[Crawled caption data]
----------------
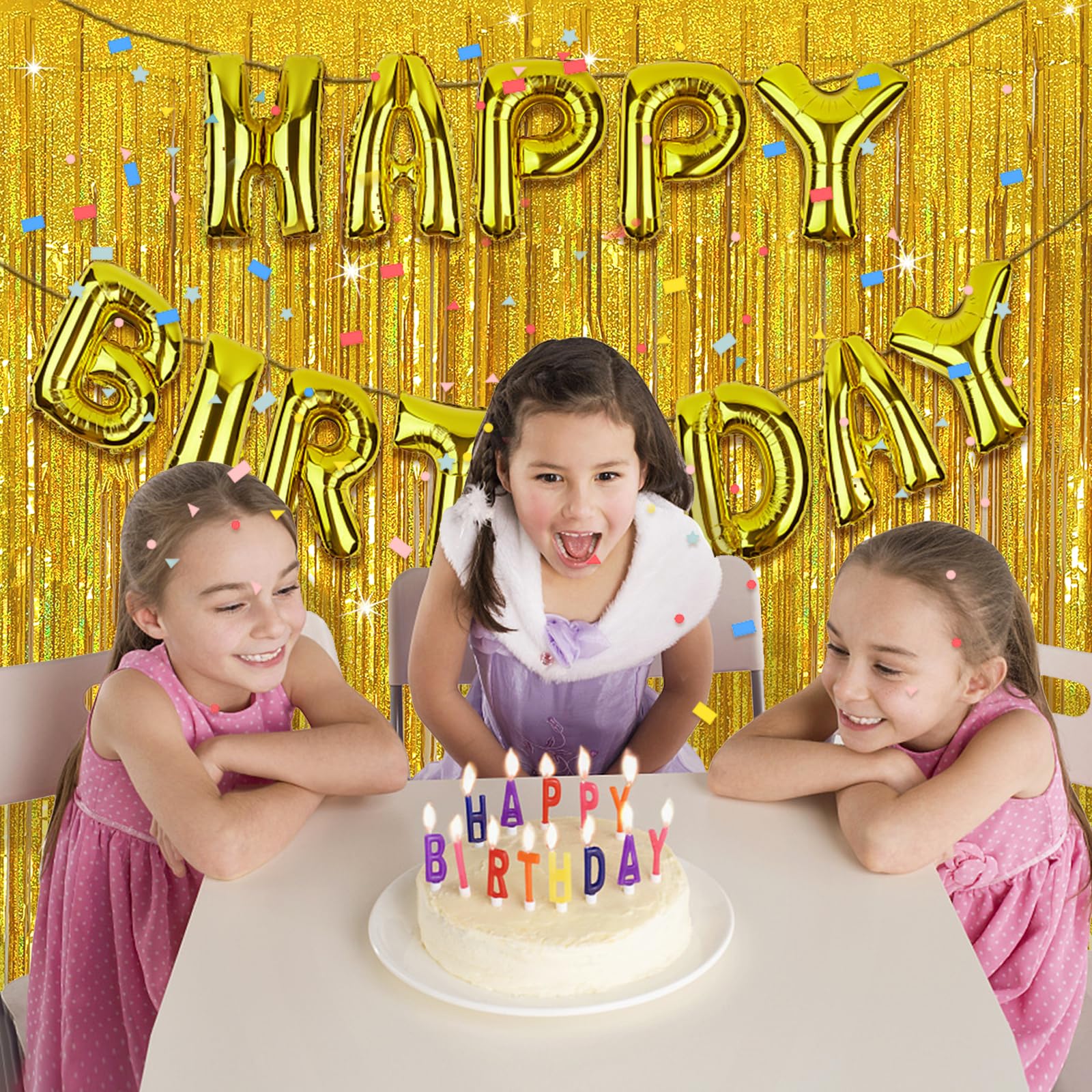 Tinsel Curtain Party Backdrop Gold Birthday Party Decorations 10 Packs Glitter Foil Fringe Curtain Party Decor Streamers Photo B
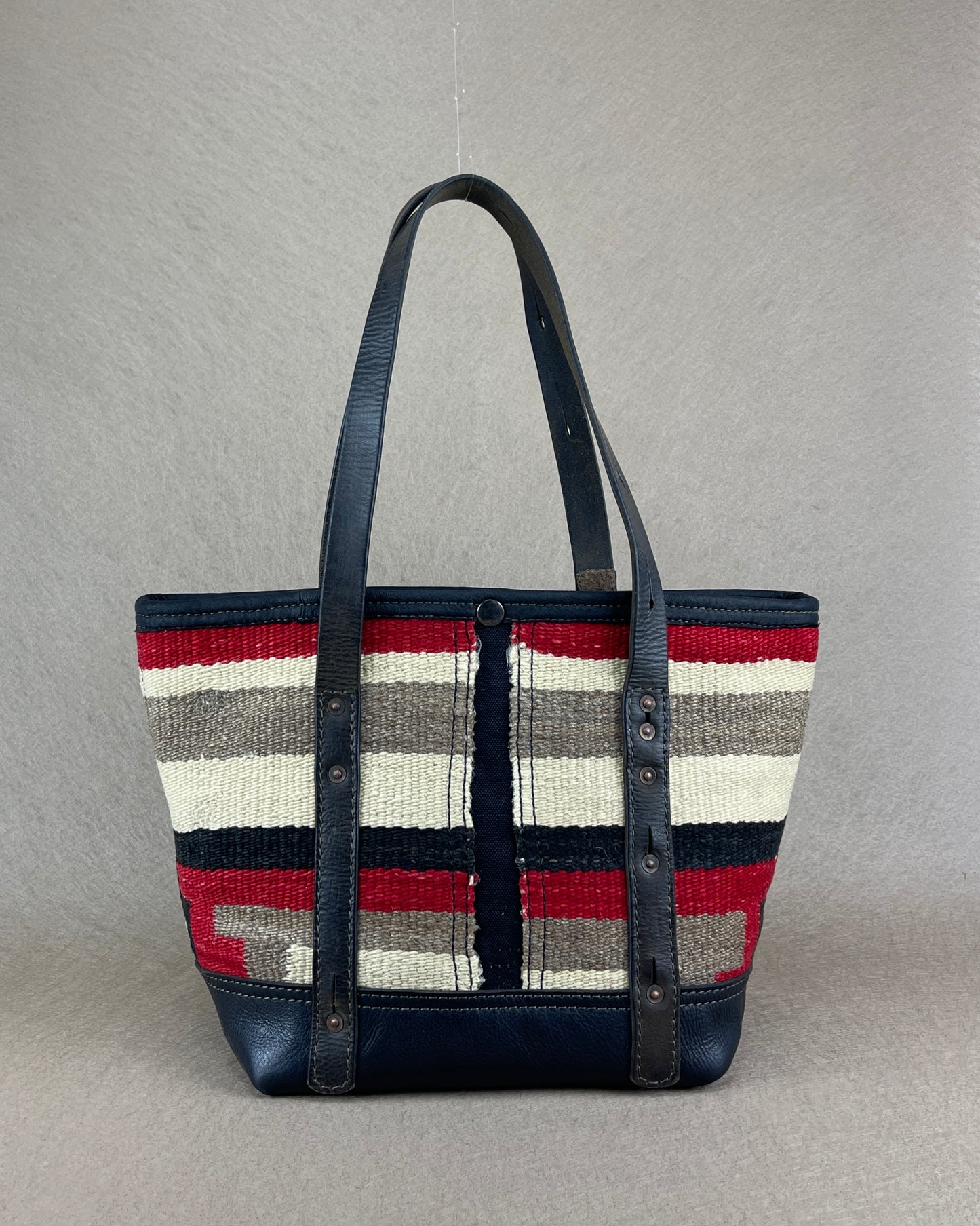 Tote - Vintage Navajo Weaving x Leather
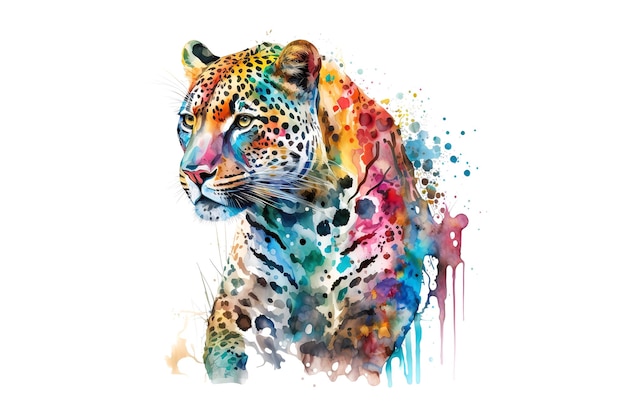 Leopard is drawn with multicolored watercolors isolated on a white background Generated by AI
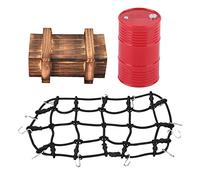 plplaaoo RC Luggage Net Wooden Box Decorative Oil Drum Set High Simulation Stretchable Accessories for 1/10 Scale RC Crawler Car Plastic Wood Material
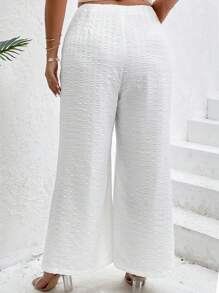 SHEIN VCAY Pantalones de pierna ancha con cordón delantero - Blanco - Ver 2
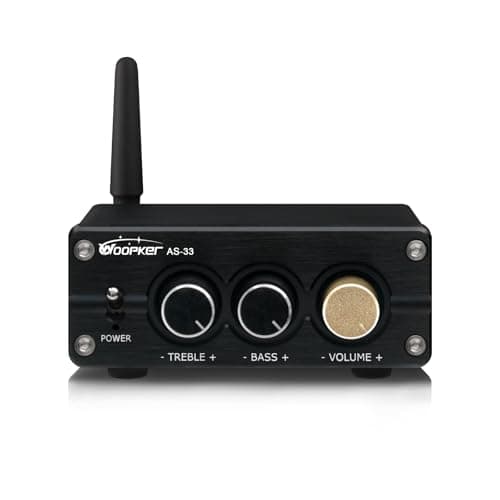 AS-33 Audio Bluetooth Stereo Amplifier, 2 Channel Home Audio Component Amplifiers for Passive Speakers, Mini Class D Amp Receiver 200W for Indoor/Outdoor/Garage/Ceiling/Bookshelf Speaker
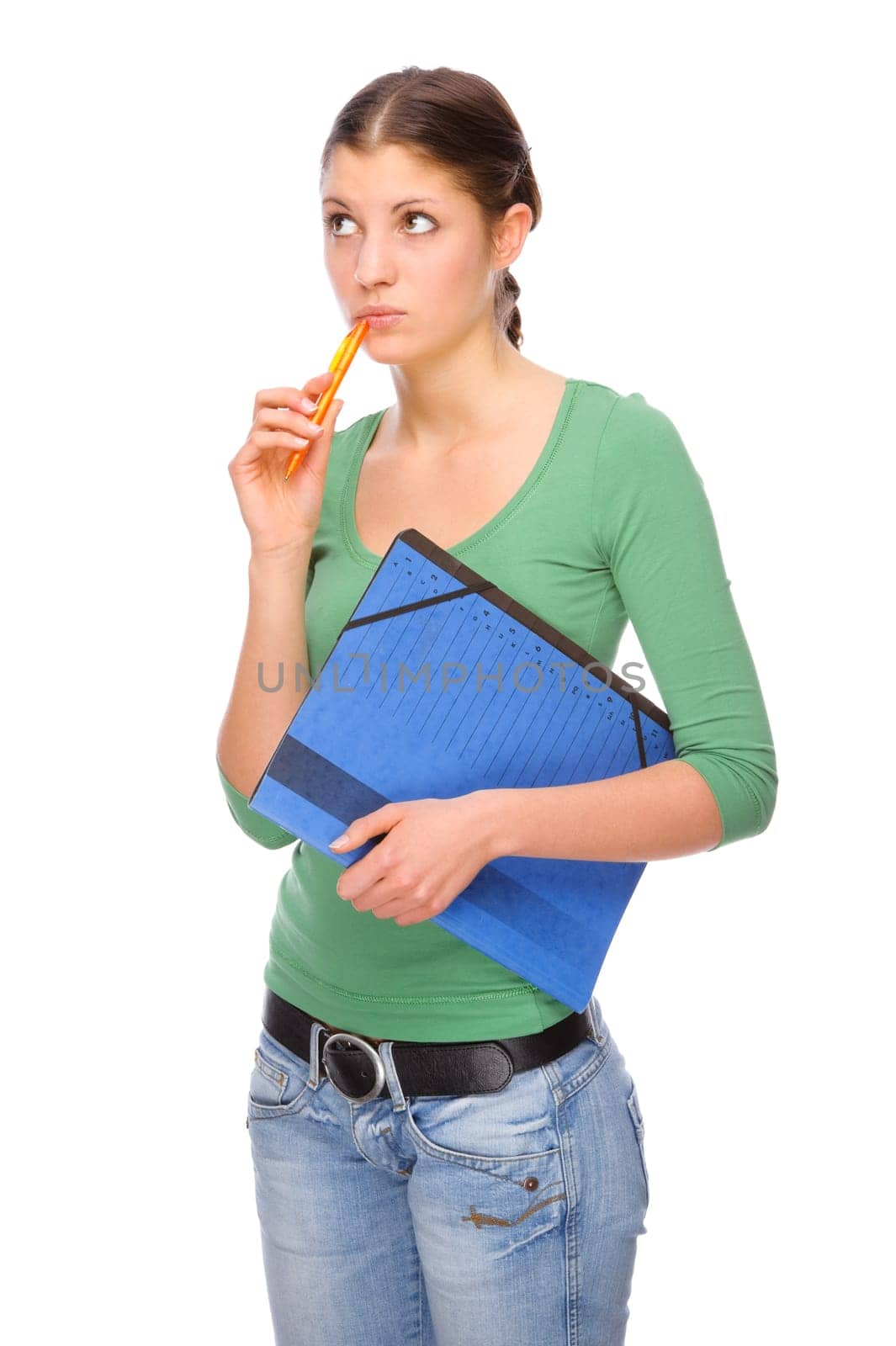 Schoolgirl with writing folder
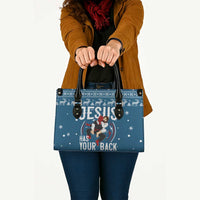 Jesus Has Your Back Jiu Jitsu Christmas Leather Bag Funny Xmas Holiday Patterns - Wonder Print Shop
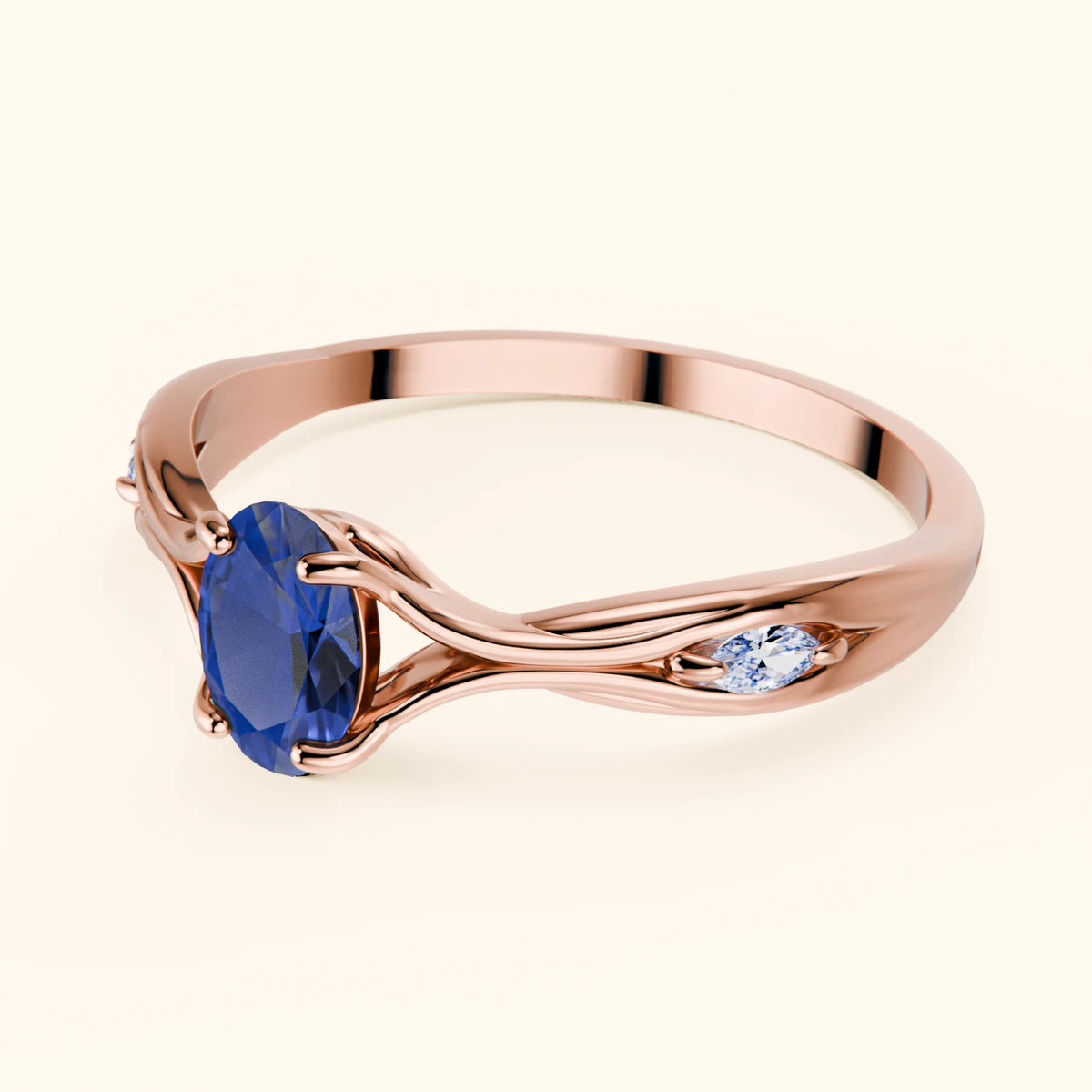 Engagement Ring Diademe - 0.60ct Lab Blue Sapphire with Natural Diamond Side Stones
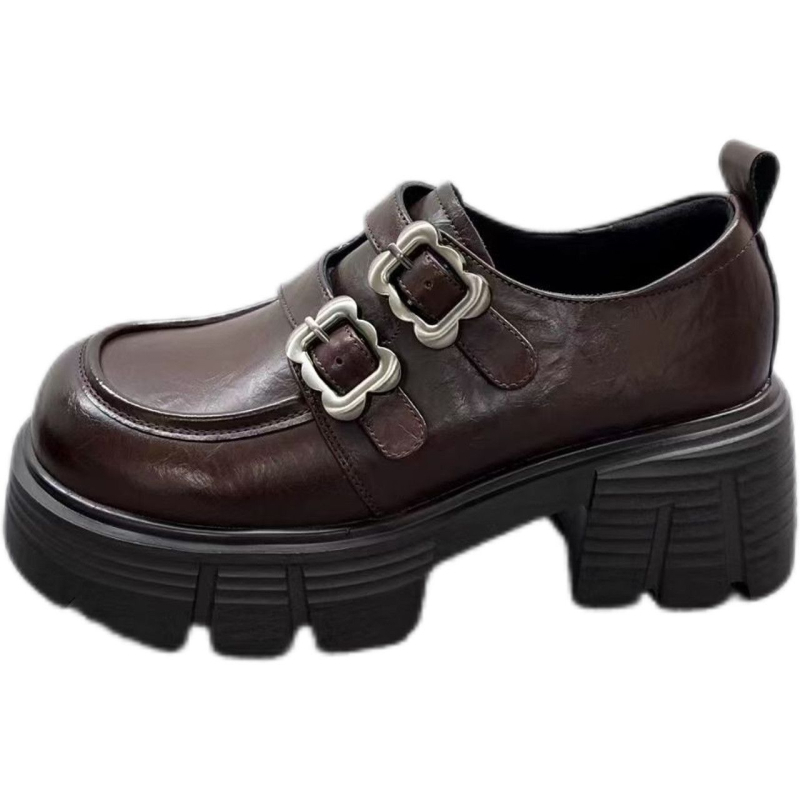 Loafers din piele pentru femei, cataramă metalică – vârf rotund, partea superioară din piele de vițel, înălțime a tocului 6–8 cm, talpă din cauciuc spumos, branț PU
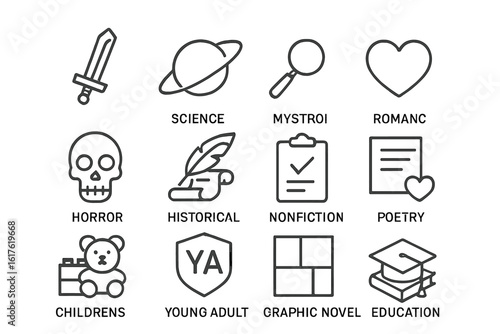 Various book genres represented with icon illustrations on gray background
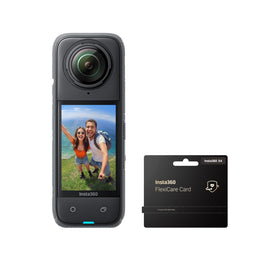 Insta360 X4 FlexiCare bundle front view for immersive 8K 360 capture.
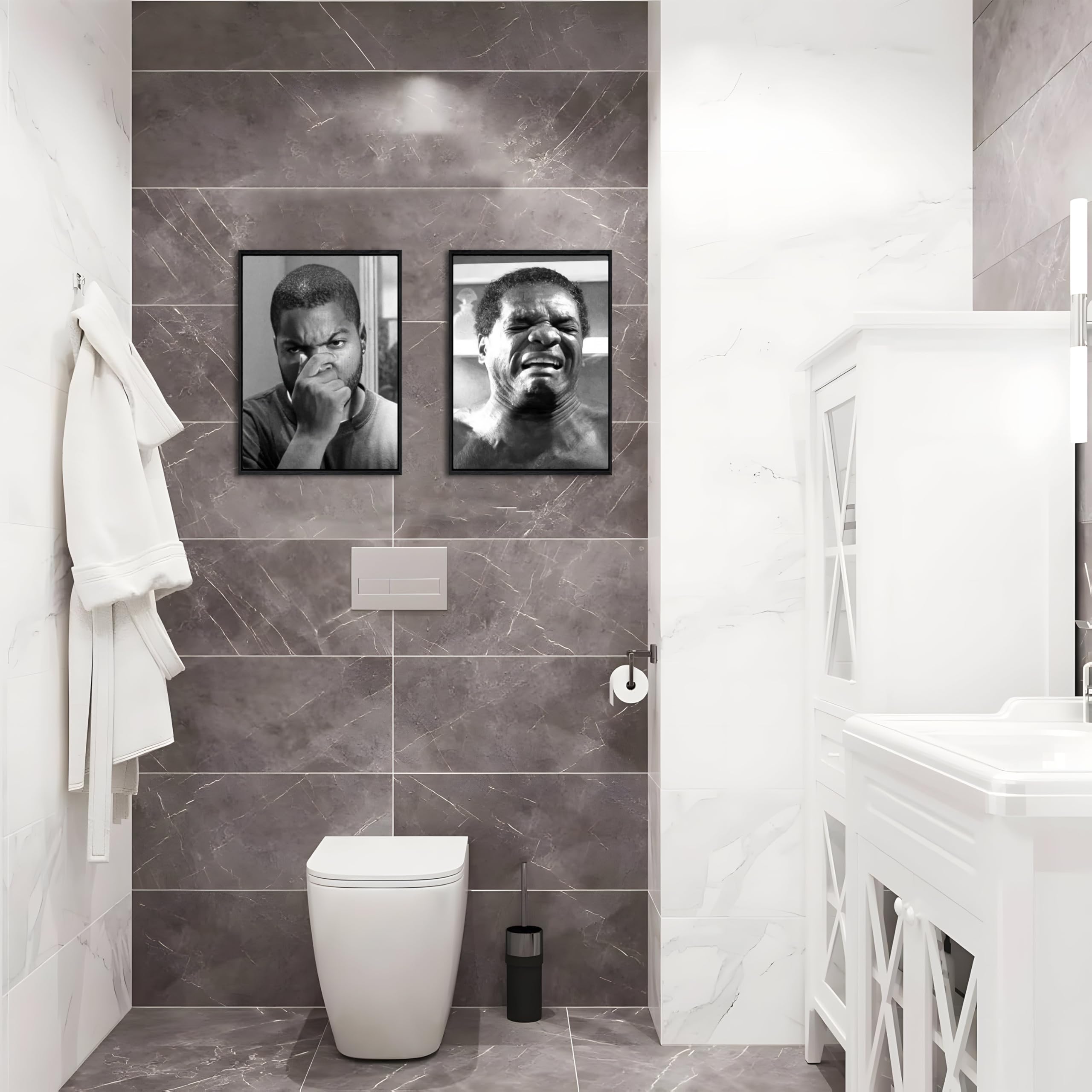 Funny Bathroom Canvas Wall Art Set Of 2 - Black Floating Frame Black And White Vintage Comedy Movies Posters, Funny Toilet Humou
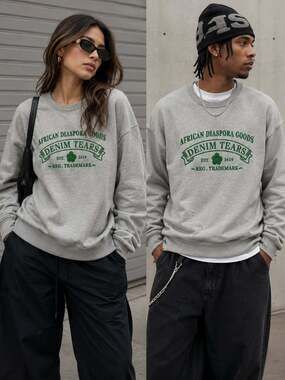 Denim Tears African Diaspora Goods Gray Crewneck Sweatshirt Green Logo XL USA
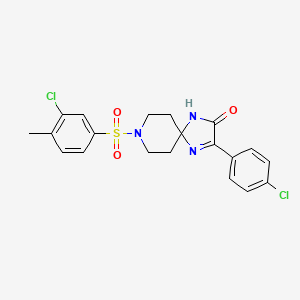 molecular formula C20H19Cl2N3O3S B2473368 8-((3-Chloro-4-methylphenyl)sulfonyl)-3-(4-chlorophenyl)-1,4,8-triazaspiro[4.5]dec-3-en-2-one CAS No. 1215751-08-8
----------------
> PROMPT
Only the lines from the one containing "Insta360 X4 FlexiCare" through the final line of the entries belong in the copy, both ends included. Pictures stay out.

> ANSWER AREA
 Insta360 X4 FlexiCare bundle front view for immersive 8K 360 capture.
 Funny Bathroom Canvas Wall Art Set Of 2 - Black Floating Frame Black And White Vintage Comedy Movies Posters, Funny Toilet Humou
 Denim Tears African Diaspora Goods Gray Crewneck Sweatshirt Green Logo XL USA
 molecular formula C20H19Cl2N3O3S B2473368 8-((3-Chloro-4-methylphenyl)sulfonyl)-3-(4-chlorophenyl)-1,4,8-triazaspiro[4.5]dec-3-en-2-one CAS No. 1215751-08-8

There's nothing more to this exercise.